Following the recent spate of severe violence in the blighted Gothenburg suburb of Hjällbo, which has been described as gangland infighting and clan wars, the liberal-conservative Moderates, Sweden's largest opposition party have suggested deploying the military to stop the local conflict amid an understaffed and underfunded police force.
Gothenburg municipal councillor Hampus Magnusson cited a decision to allow military intervention against gang crime recently adopted by the party in Western Sweden, which is soon to be discussed at a national meeting.
“We have a police authority that is under enormous pressure and which on many occasions ends up at a disadvantage. Then we mean that the military can support them with several tasks where they have relevant training, such as setting up roadblocks or searching vehicles,” Hampus Magnusson told the newspaper Dagens Samhälle.
At present, the Swedish military may not be used in a manner that involves “a risk that it may use force or violence against individuals”, according to the Ordinance on the Armed Forces' support for civilian activities, something the Moderates, currently polling as Sweden's largest opposition party, seek to change.
“It is my absolute assessment that there is a need for a change in legislation. What is happening in Sweden today, where the homes of individual police officers are being shot at and there are explosions against police stations, is the domestic terrorism of our time,” Magnusson ventured.
The last time military reinforcements were used in a civil context in Sweden ended dramatically, during the so-called Ådalen shootings in 1931, when five people were killed during a workers' strike in the sawmill district.

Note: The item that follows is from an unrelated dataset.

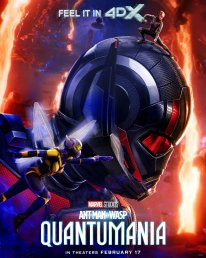 Ant Man and the Wasp Quantumania poster 12 17 01 2023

Magnusson said that while he had “great respect” for the Ådalen victims, the Sweden of today is incomparable with what it was like almost a century ago, and described deploying the military as a means of “reclaiming” the country.
“It is a way of being able to help amid the absolutely acute police shortage we now have in Sweden. We want to return to a system where you use an emergency force who can support the police in special cases, and it should of course happen under the leadership of the police,” Josefson told the newspaper Expressen.
Hjällbo, where over 90 percent of the population have an immigrant background, is present in the list of “particularly vulnerable areas” plagued by rampant crime, unemployment, lawlessness and parallel societies.
Despite initial reluctance, Swedish authorities have started to associate the uptick in violent crime and gang shootouts with immigration, following an acknowledgement of integration problems by Prime Minister Stefan Löfven last year.
Earlier this spring, Gothenburg Police Chief Erik Nord linked firearm violence to cultural factors, suggesting that “basically everyone who shoots or is shot in gang conflicts originates from the Balkans, the Middle East, North or East Africa”.